### Assignment
From the line containing "It's about how" down to the line containing "There are two", copy out the entries below exactly, both lines included, and nothing else; pictures do not belong in the copy.
══ Input data
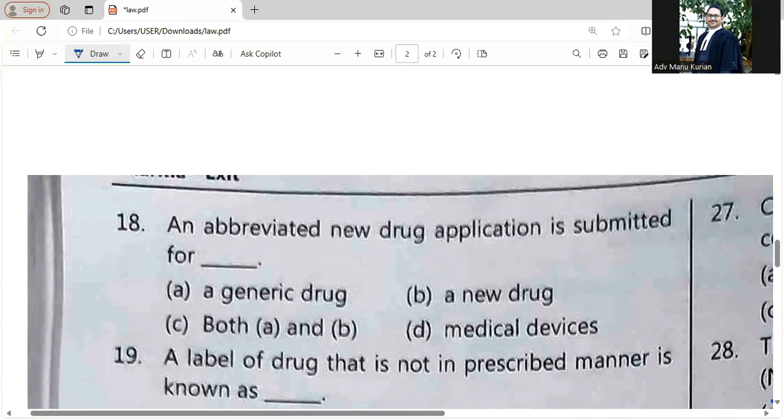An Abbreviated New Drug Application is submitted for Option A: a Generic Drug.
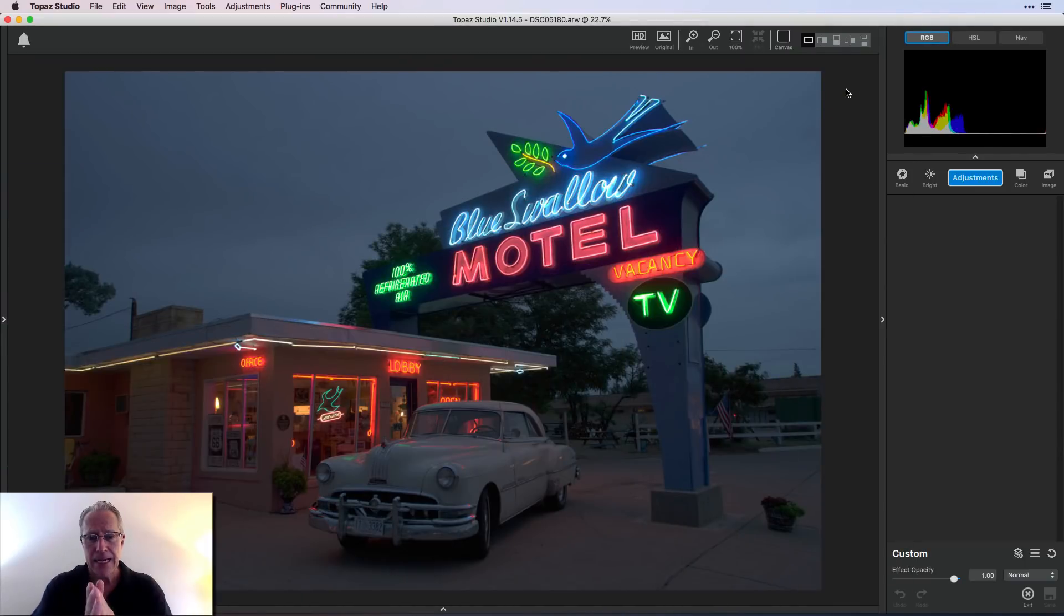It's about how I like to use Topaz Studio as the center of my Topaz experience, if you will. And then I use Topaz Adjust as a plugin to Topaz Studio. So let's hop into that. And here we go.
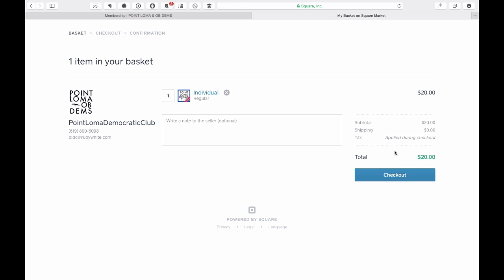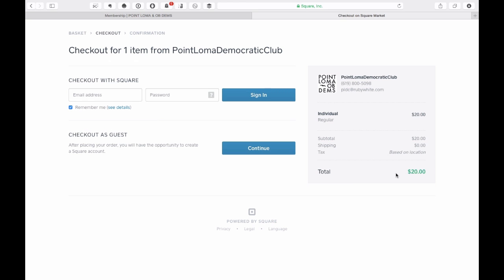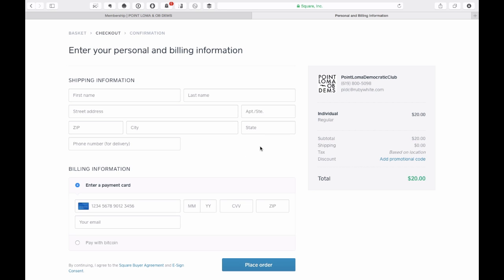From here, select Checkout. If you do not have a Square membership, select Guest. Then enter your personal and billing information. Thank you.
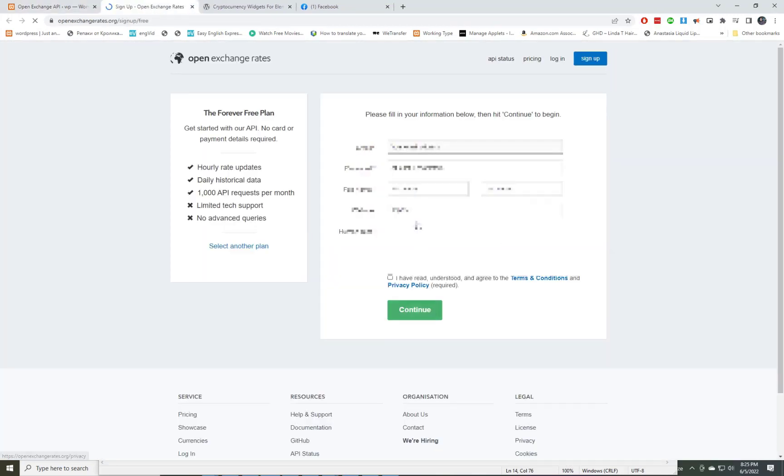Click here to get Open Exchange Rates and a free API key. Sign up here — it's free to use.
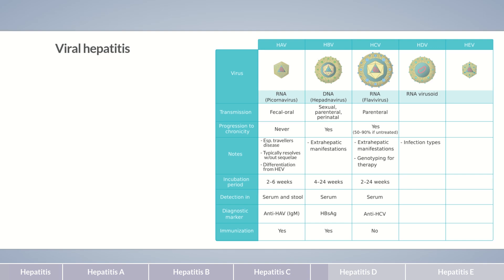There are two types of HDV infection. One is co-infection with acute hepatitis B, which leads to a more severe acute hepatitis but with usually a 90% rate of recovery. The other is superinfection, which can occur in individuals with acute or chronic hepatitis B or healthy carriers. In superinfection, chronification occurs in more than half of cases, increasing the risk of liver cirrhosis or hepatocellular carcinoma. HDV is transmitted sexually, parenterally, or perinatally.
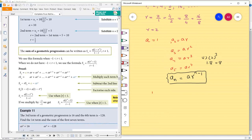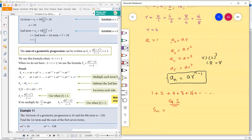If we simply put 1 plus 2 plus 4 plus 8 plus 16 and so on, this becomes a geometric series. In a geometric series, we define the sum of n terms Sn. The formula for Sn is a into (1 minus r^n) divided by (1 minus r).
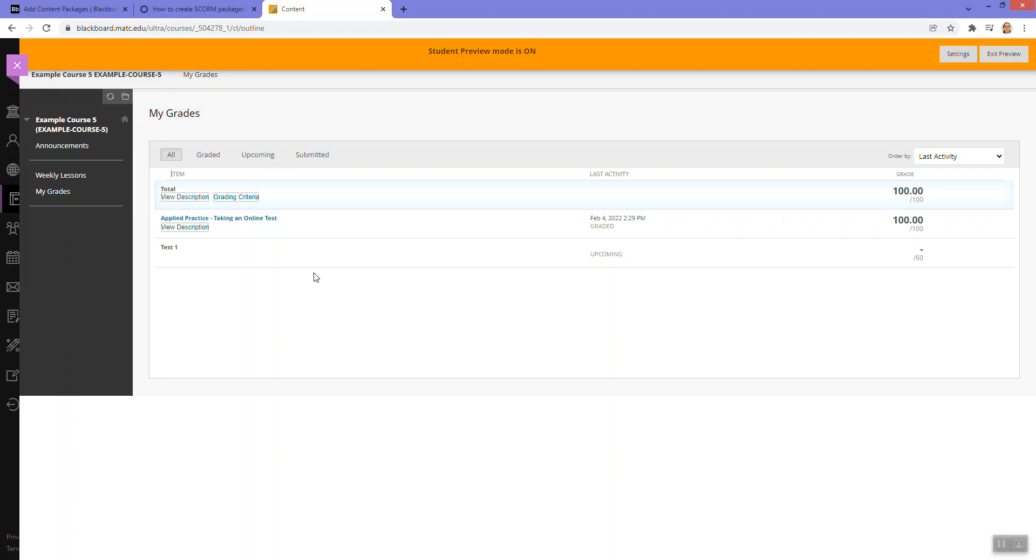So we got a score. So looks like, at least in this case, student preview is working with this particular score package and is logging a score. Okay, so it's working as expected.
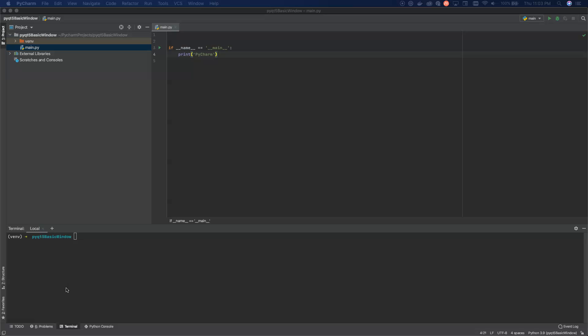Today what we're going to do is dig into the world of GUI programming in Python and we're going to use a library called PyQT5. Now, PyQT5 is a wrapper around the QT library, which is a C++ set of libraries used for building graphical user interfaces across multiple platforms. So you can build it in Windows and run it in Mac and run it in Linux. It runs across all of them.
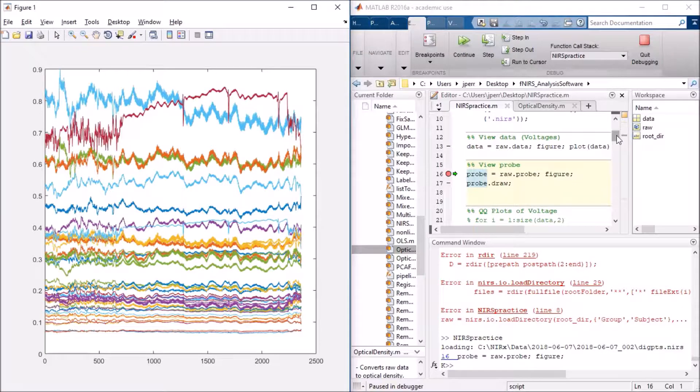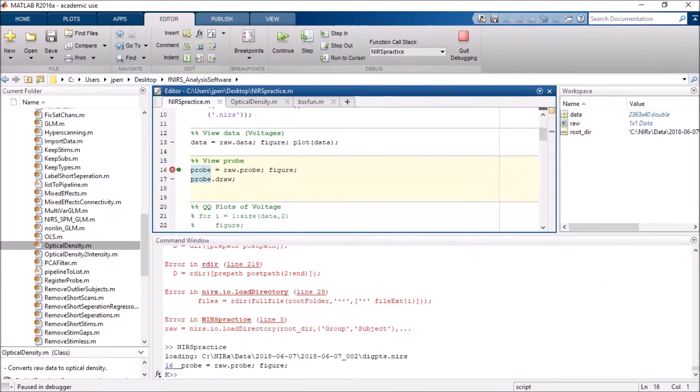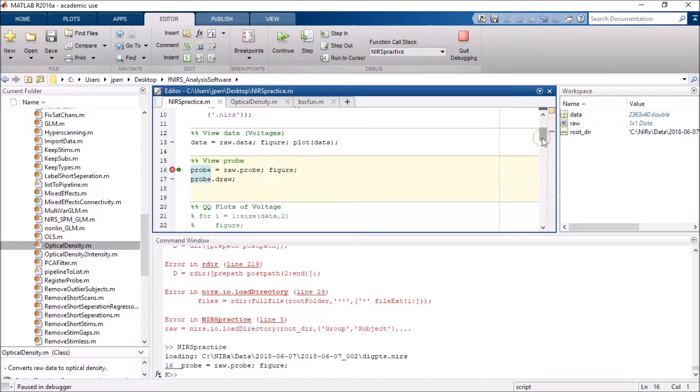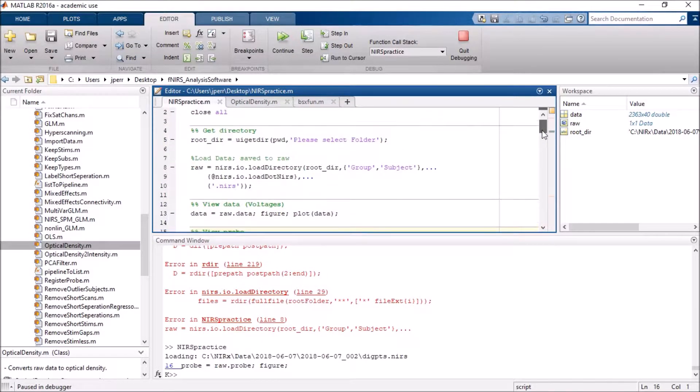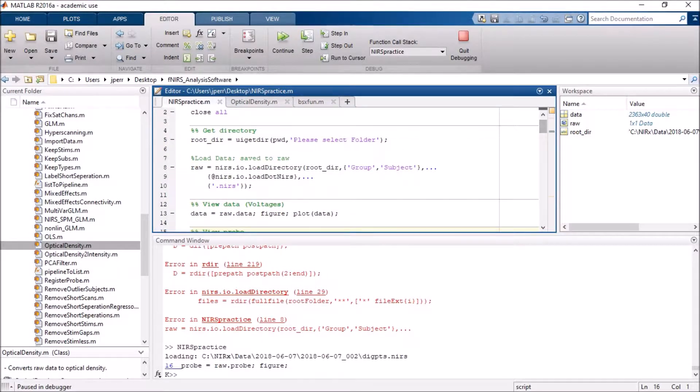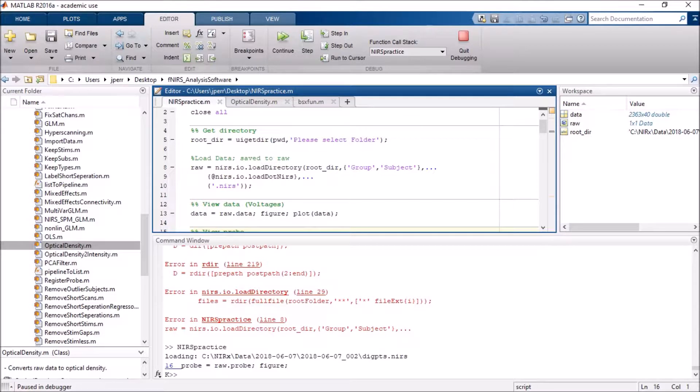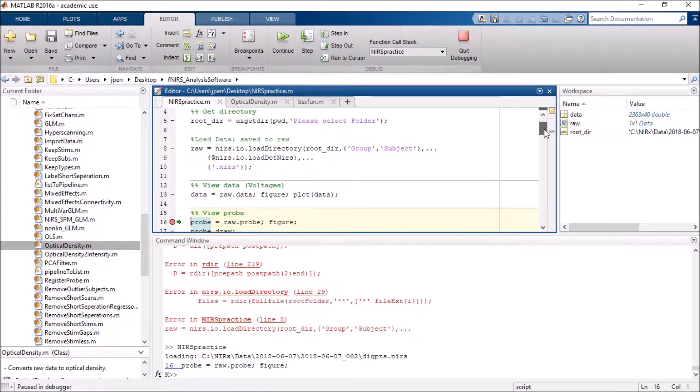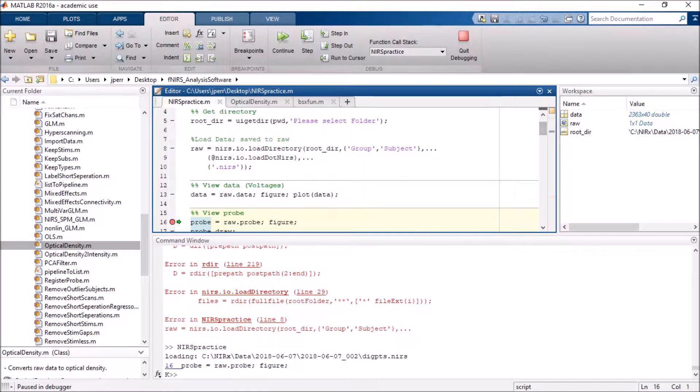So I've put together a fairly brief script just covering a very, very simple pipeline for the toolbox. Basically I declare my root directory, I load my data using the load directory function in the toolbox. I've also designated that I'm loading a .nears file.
════
### Exercise result
It's about how I like to use Topaz Studio as the center of my Topaz experience, if you will. And then I use Topaz Adjust as a plugin to Topaz Studio. So let's hop into that. And here we go.
From here, select Checkout. If you do not have a Square membership, select Guest. Then enter your personal and billing information. Thank you.
Click here to get Open Exchange Rates and a free API key. Sign up here — it's free to use.
There are two types of HDV infection. One is co-infection with acute hepatitis B, which leads to a more severe acute hepatitis but with usually a 90% rate of recovery. The other is superinfection, which can occur in individuals with acute or chronic hepatitis B or healthy carriers. In superinfection, chronification occurs in more than half of cases, increasing the risk of liver cirrhosis or hepatocellular carcinoma. HDV is transmitted sexually, parenterally, or perinatally.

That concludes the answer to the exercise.